アルゼンチン中央銀行は10月2日、国内外45人の民間エコノミストらによる最新の経済見通しの集計値(REM)を発表PDFファイル(外部サイトへ、新しいウィンドウで開きます)した。前回発表(9月3日)の経済見通しは、8月11日に行われた大統領選挙の予備選挙結果による経済指標の悪化を受け、数値が大きく変わったが、今回は大幅な変化はみられなかった(表参照)。

表 最新の主要経済指標の見通し(かっこは前回数値)

名目為替レート(対米ドル)は(中央値、以下同じ)、2019年末が65.0ペソ、2020年末が88.0ペソとなった。前回発表の見通しでは、2019年末の数値が50.0ペソから66.7ペソへと急激なペソ安が進むとされ、9月1日に資本規制策が導入されたことで、さらなる通貨下落は限定的と判断されたとみられる。

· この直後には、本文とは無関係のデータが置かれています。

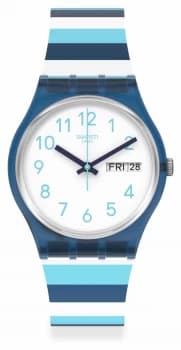 Swatch STRIPED WAVES White Dial Blue Stripe Silicone Watch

インフレ率は、2019年末が54.9%、2020年末が40.5%、2021年末が28.8%となった。今後は、2019年9月の月間インフレ率が5.8%、10月が4.4%となり、2020年3月までは3%台といった厳しい数値が続く見込みだ。

政策金利〔7日物中央銀行債(LELIQ)の利率〕では、2019年末が73.00%、2020年末が42.50%と予測されている。足元では、2019年10月末が79.00%、11月末が76.00%、12月末が73.00%と、新大統領が就任する12月までは高止まりが続く見通しだ。10月27日に実施される大統領選挙を目前に控え、選挙戦で優勢な、野党のアルベルト・フェルナンデス候補は高金利政策の是正を唱えており、中長期的な数値は、選挙結果によっては下がる可能性がある。

GDP成長率は、2019年がマイナス2.9%、2020年がマイナス1.5%、2021年は1.6%と予測されている。大統領選挙戦で、現職のマウリシオ・マクリ大統領が勝利しても、野党のフェルナンデス候補が勝利しても、2020年以降の経済見通しには特段の影響を与えないとみられている。